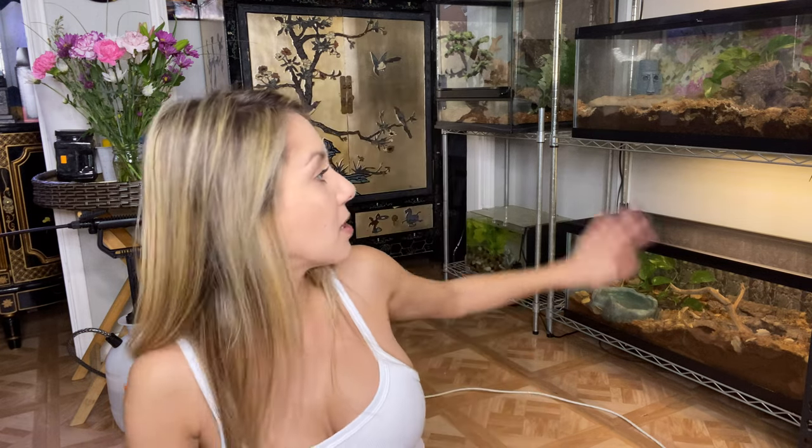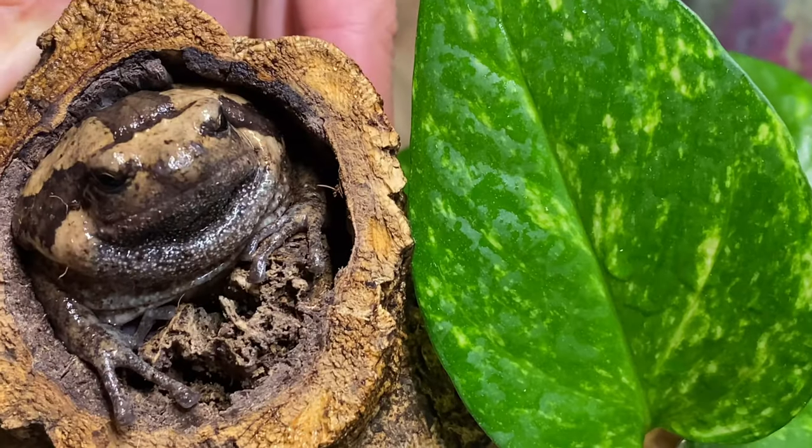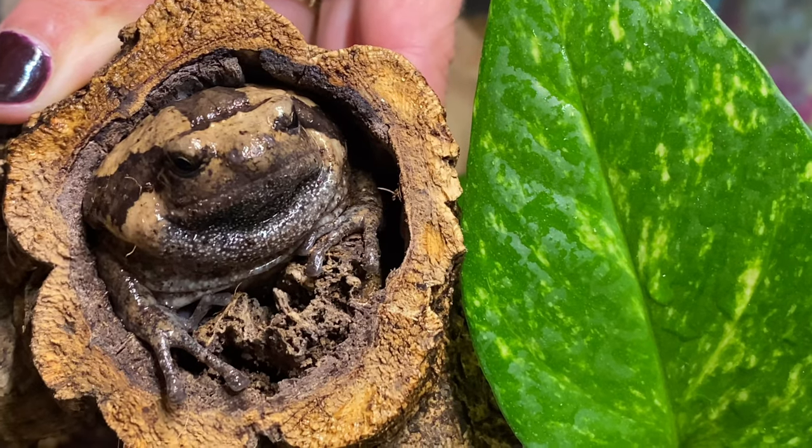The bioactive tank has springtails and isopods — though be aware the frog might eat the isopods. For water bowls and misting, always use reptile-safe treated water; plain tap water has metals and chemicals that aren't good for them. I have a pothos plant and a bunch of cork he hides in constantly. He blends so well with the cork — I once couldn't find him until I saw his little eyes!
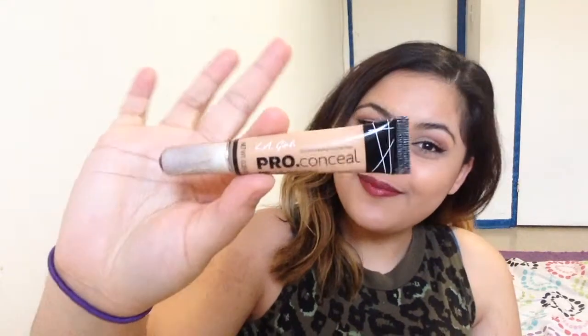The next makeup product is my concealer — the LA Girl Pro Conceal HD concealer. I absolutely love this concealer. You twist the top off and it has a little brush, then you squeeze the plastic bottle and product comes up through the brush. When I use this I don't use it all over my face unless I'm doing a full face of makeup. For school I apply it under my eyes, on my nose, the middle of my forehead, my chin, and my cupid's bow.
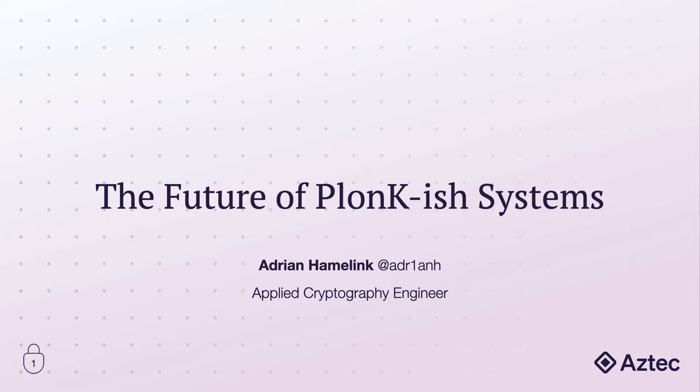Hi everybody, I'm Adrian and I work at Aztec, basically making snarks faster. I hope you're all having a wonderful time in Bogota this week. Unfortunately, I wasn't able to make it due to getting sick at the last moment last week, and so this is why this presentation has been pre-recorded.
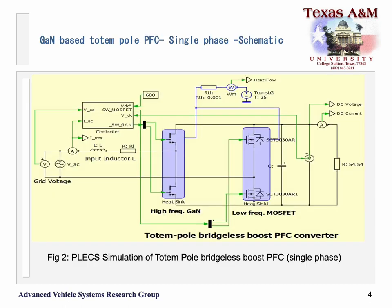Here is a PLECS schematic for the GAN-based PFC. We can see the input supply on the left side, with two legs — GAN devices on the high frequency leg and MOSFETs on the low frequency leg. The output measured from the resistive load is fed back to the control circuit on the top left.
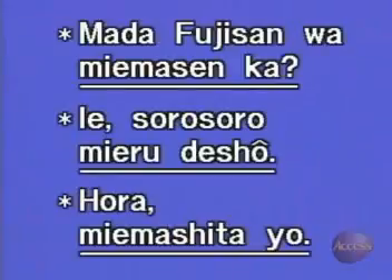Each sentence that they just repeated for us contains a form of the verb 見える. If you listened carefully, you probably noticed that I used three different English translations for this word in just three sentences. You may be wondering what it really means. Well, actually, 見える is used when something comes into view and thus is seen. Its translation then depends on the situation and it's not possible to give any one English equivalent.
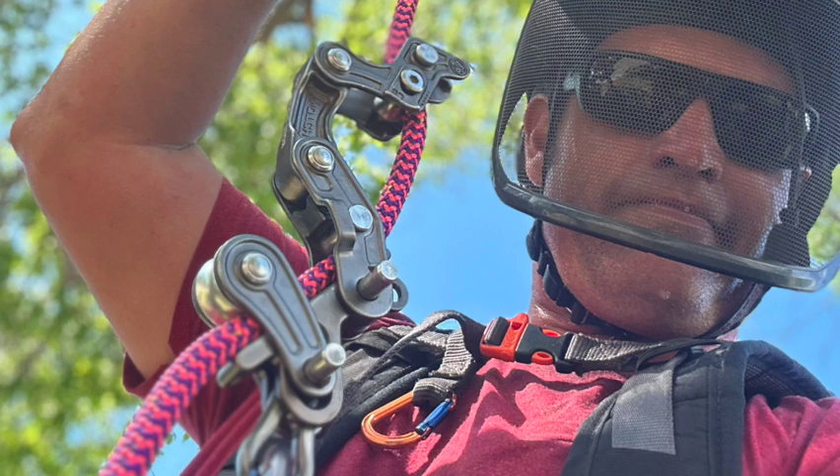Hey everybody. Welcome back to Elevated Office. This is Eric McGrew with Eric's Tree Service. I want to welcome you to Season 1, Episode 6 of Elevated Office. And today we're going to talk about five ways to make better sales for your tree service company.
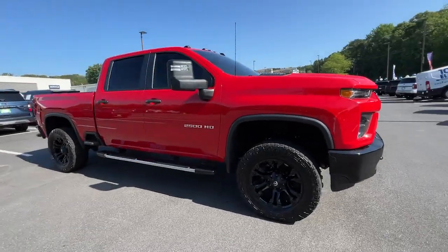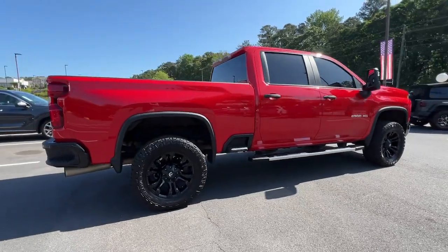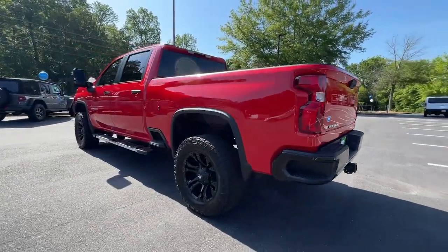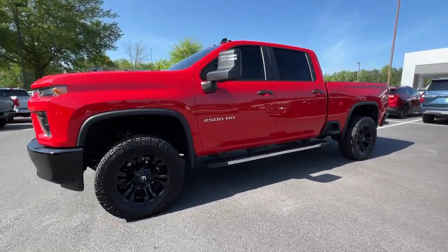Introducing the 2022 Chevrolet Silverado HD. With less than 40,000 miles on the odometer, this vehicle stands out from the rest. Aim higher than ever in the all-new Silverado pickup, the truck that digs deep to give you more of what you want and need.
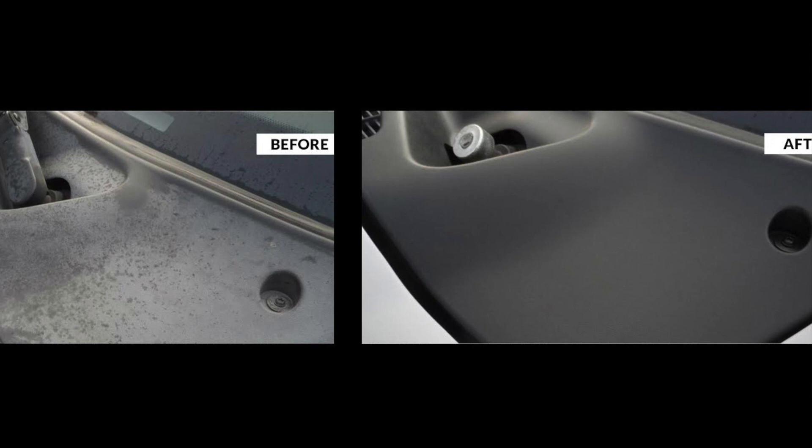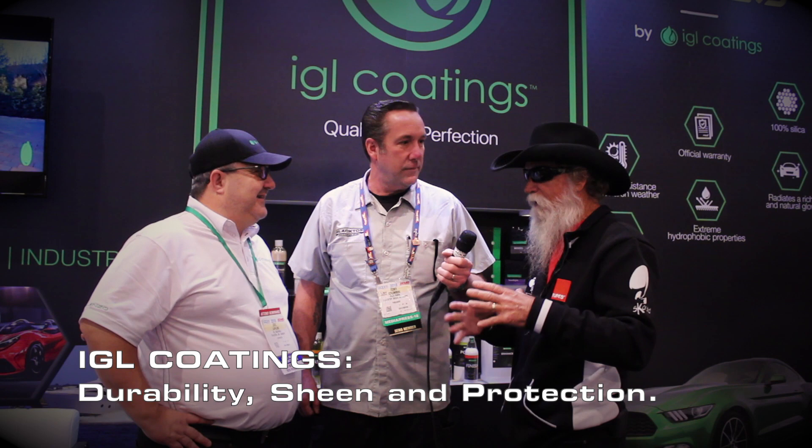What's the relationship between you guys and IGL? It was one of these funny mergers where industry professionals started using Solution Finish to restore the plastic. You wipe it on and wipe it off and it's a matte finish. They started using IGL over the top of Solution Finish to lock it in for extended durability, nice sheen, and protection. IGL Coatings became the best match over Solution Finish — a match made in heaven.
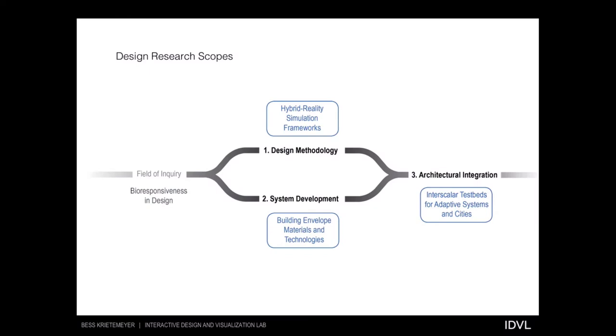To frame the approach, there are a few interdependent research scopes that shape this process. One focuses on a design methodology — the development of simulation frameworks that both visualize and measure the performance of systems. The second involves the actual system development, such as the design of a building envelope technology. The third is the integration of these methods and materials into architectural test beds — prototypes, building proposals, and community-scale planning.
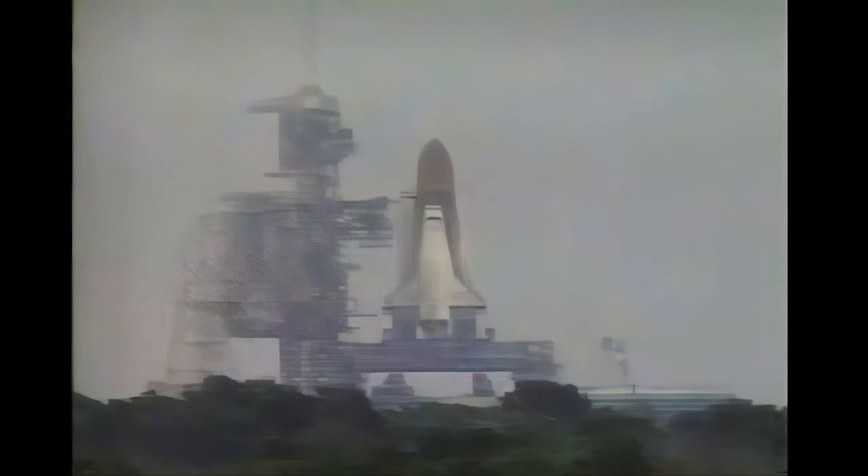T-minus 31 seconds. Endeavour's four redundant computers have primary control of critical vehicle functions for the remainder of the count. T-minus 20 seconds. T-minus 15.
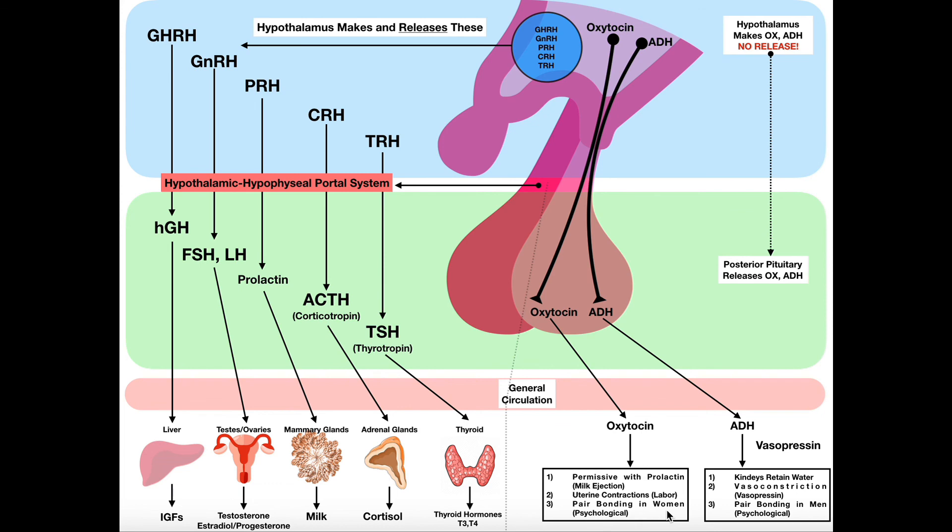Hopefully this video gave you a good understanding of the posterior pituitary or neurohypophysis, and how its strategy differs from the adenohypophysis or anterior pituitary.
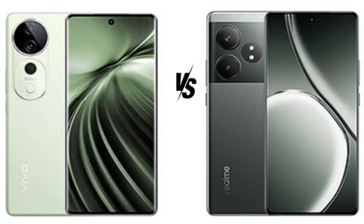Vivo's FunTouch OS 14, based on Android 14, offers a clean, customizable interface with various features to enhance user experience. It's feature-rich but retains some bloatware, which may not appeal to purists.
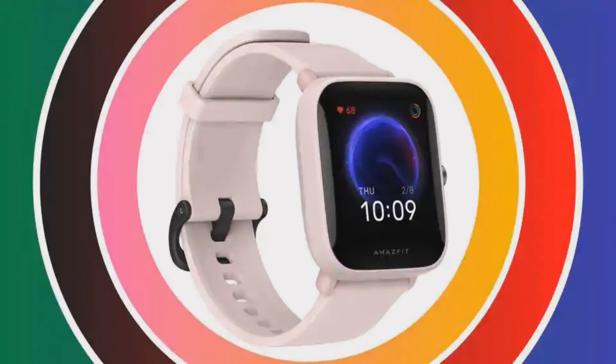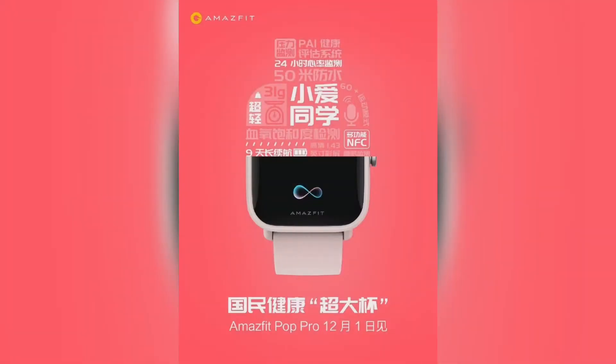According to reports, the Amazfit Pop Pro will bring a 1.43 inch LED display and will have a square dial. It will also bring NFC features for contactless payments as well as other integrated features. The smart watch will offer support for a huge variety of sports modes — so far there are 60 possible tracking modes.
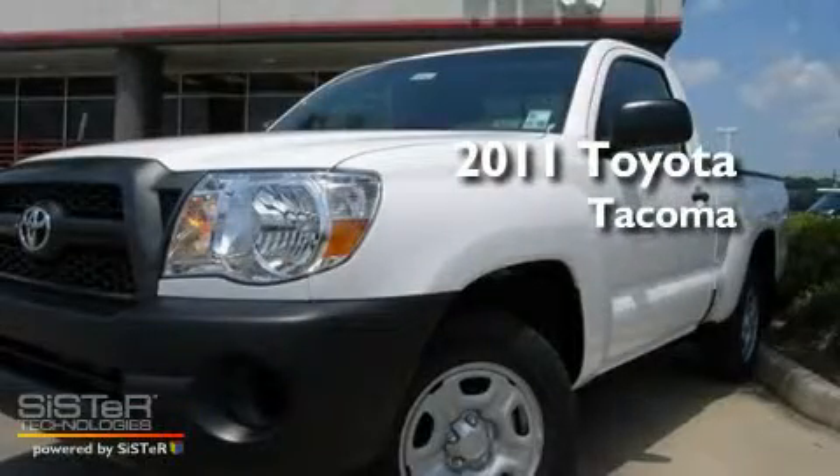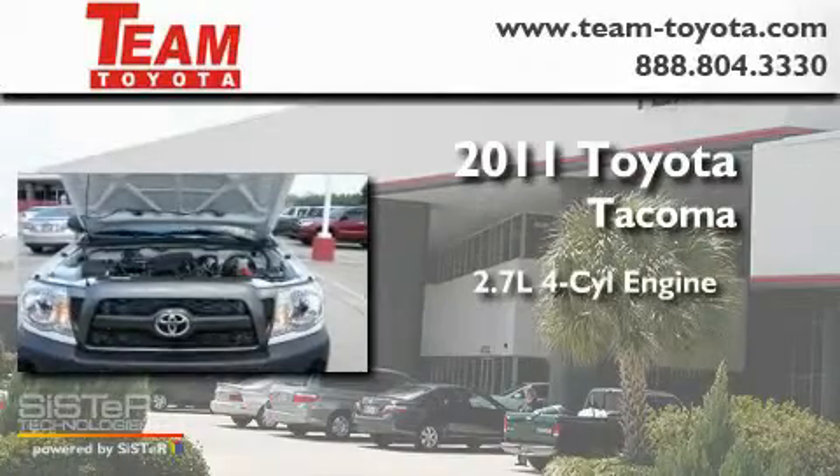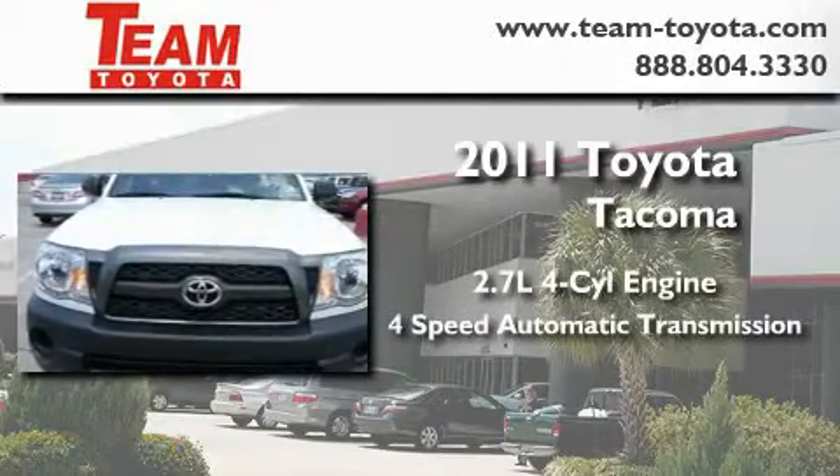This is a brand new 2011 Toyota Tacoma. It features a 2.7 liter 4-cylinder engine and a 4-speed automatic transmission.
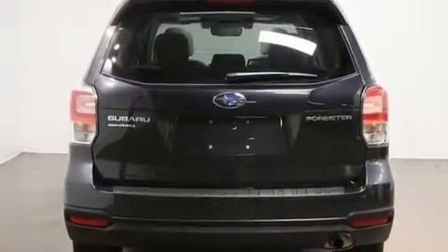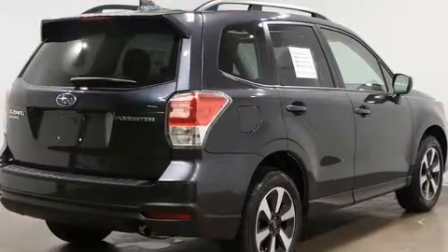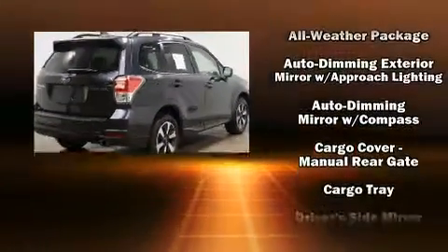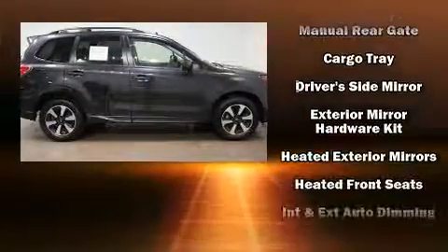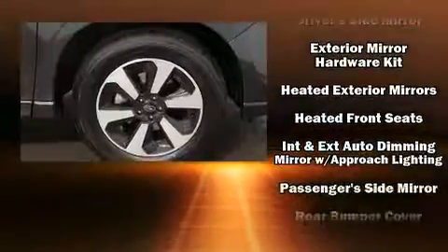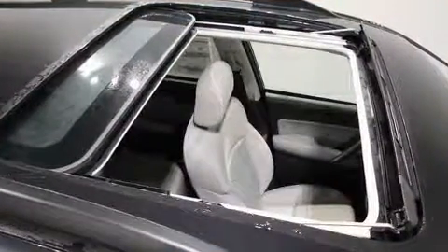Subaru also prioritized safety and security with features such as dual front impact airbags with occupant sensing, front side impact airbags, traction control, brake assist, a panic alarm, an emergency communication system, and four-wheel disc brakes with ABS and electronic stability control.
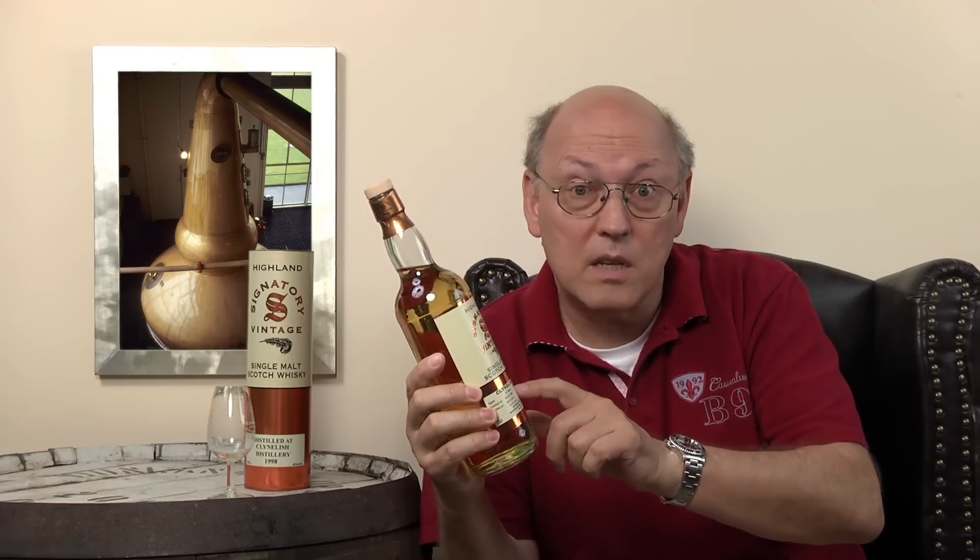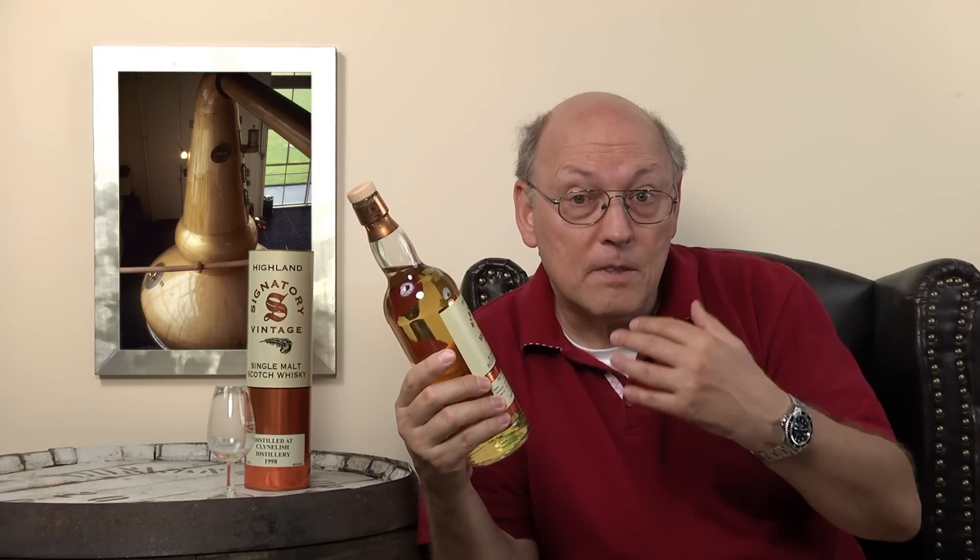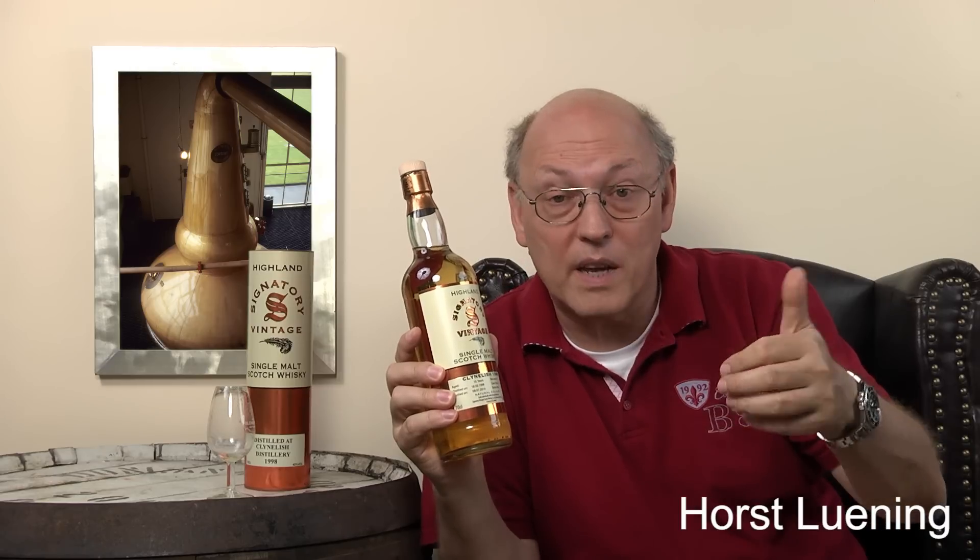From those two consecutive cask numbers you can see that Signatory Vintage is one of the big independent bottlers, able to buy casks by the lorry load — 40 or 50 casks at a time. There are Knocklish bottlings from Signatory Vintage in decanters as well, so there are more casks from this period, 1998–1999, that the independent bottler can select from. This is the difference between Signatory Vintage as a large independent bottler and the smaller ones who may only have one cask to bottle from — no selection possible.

○ ○ ○ ○ ○

Would you return the entries verbatim, minus any images?

The bioactive tank has springtails and isopods — though be aware the frog might eat the isopods. For water bowls and misting, always use reptile-safe treated water; plain tap water has metals and chemicals that aren't good for them. I have a pothos plant and a bunch of cork he hides in constantly. He blends so well with the cork — I once couldn't find him until I saw his little eyes!
The next makeup product is my concealer — the LA Girl Pro Conceal HD concealer. I absolutely love this concealer. You twist the top off and it has a little brush, then you squeeze the plastic bottle and product comes up through the brush. When I use this I don't use it all over my face unless I'm doing a full face of makeup. For school I apply it under my eyes, on my nose, the middle of my forehead, my chin, and my cupid's bow.
Hi everybody, I'm Adrian and I work at Aztec, basically making snarks faster. I hope you're all having a wonderful time in Bogota this week. Unfortunately, I wasn't able to make it due to getting sick at the last moment last week, and so this is why this presentation has been pre-recorded.
Here is a PLECS schematic for the GAN-based PFC. We can see the input supply on the left side, with two legs — GAN devices on the high frequency leg and MOSFETs on the low frequency leg. The output measured from the resistive load is fed back to the control circuit on the top left.
Each sentence that they just repeated for us contains a form of the verb 見える. If you listened carefully, you probably noticed that I used three different English translations for this word in just three sentences. You may be wondering what it really means. Well, actually, 見える is used when something comes into view and thus is seen. Its translation then depends on the situation and it's not possible to give any one English equivalent.
Hey everybody. Welcome back to Elevated Office. This is Eric McGrew with Eric's Tree Service. I want to welcome you to Season 1, Episode 6 of Elevated Office. And today we're going to talk about five ways to make better sales for your tree service company.
Introducing the 2022 Chevrolet Silverado HD. With less than 40,000 miles on the odometer, this vehicle stands out from the rest. Aim higher than ever in the all-new Silverado pickup, the truck that digs deep to give you more of what you want and need.
What's the relationship between you guys and IGL? It was one of these funny mergers where industry professionals started using Solution Finish to restore the plastic. You wipe it on and wipe it off and it's a matte finish. They started using IGL over the top of Solution Finish to lock it in for extended durability, nice sheen, and protection. IGL Coatings became the best match over Solution Finish — a match made in heaven.
To frame the approach, there are a few interdependent research scopes that shape this process. One focuses on a design methodology — the development of simulation frameworks that both visualize and measure the performance of systems. The second involves the actual system development, such as the design of a building envelope technology. The third is the integration of these methods and materials into architectural test beds — prototypes, building proposals, and community-scale planning.
T-minus 31 seconds. Endeavour's four redundant computers have primary control of critical vehicle functions for the remainder of the count. T-minus 20 seconds. T-minus 15.
Hopefully this video gave you a good understanding of the posterior pituitary or neurohypophysis, and how its strategy differs from the adenohypophysis or anterior pituitary.
Vivo's FunTouch OS 14, based on Android 14, offers a clean, customizable interface with various features to enhance user experience. It's feature-rich but retains some bloatware, which may not appeal to purists.
According to reports, the Amazfit Pop Pro will bring a 1.43 inch LED display and will have a square dial. It will also bring NFC features for contactless payments as well as other integrated features. The smart watch will offer support for a huge variety of sports modes — so far there are 60 possible tracking modes.
This is a brand new 2011 Toyota Tacoma. It features a 2.7 liter 4-cylinder engine and a 4-speed automatic transmission.
Subaru also prioritized safety and security with features such as dual front impact airbags with occupant sensing, front side impact airbags, traction control, brake assist, a panic alarm, an emergency communication system, and four-wheel disc brakes with ABS and electronic stability control.
From those two consecutive cask numbers you can see that Signatory Vintage is one of the big independent bottlers, able to buy casks by the lorry load — 40 or 50 casks at a time. There are Knocklish bottlings from Signatory Vintage in decanters as well, so there are more casks from this period, 1998–1999, that the independent bottler can select from. This is the difference between Signatory Vintage as a large independent bottler and the smaller ones who may only have one cask to bottle from — no selection possible.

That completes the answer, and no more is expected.